Keep images out and repeat all data exactly.
[Opening SUPPLIED RECORDS section]
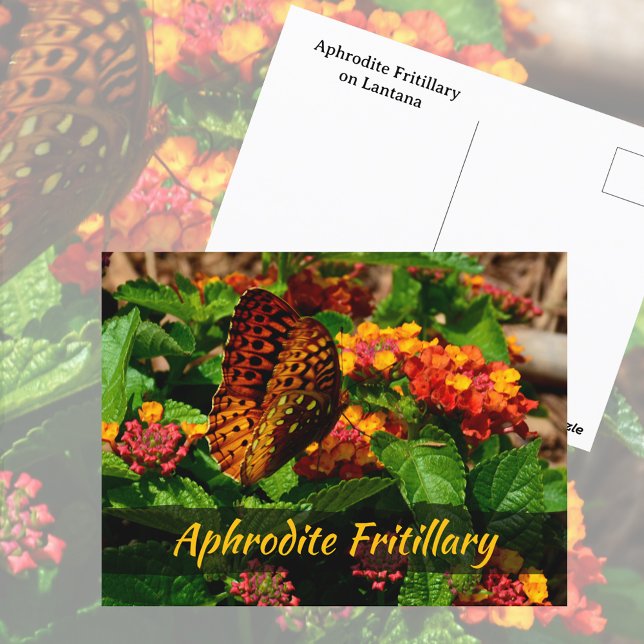 Fritillary Fjäril Lantana Blommor Fotografisk Vykort (Skapare uppladdad)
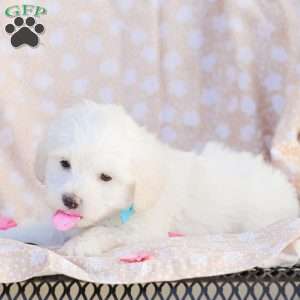 Duke, Maltipoo Puppy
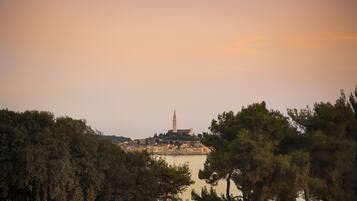 A coastal town with a prominent tower, surrounded by dense trees and a body of water.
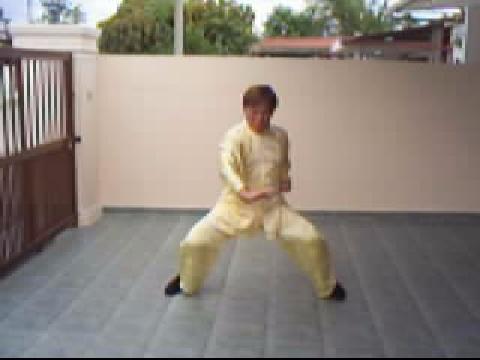 Shaolin Kungfu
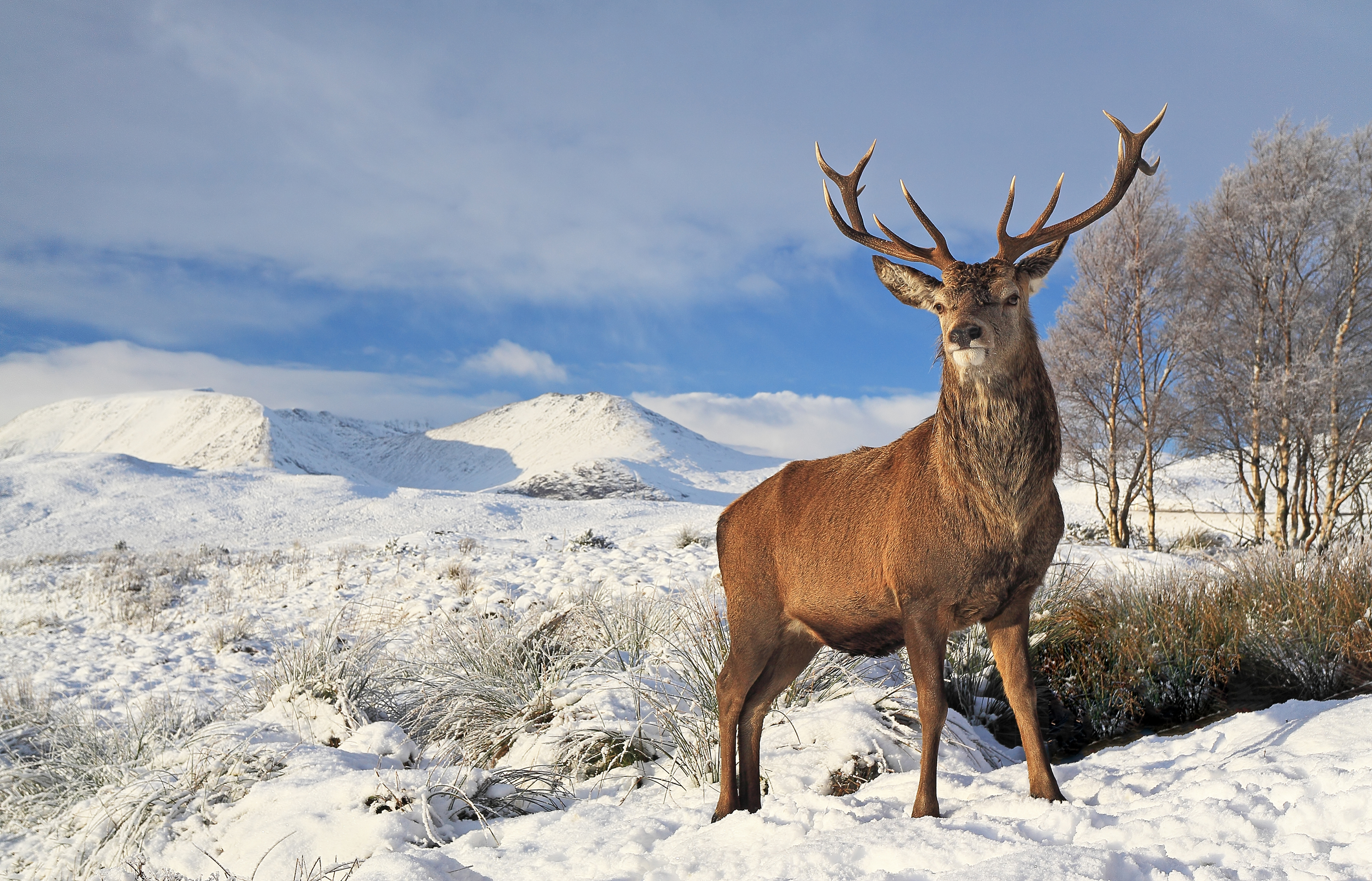 PCデスクトップに動物, 風景, 冬, 自然, 雪, 鹿画像を無料でダウンロード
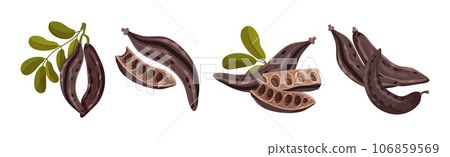 Carob Plant Pod as Natural Sweetener Plant Vector Set 106859569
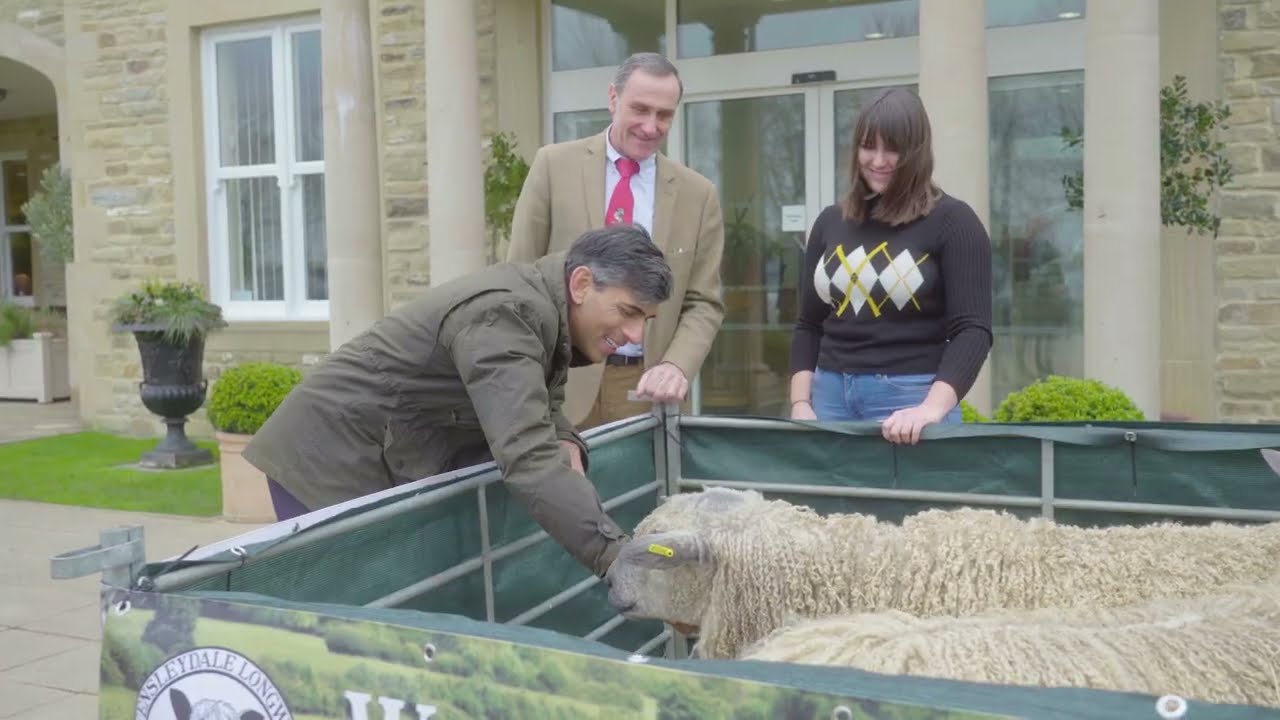 WHO DOESN’T LIKE SHEEP? | RISHI SUNAK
[Closing SUPPLIED RECORDS section]
[RESPONSE TO THIS EXERCISE]
 Fritillary Fjäril Lantana Blommor Fotografisk Vykort (Skapare uppladdad)
 Duke, Maltipoo Puppy
 A coastal town with a prominent tower, surrounded by dense trees and a body of water.
 Shaolin Kungfu
 PCデスクトップに動物, 風景, 冬, 自然, 雪, 鹿画像を無料でダウンロード
 Carob Plant Pod as Natural Sweetener Plant Vector Set 106859569
 WHO DOESN’T LIKE SHEEP? | RISHI SUNAK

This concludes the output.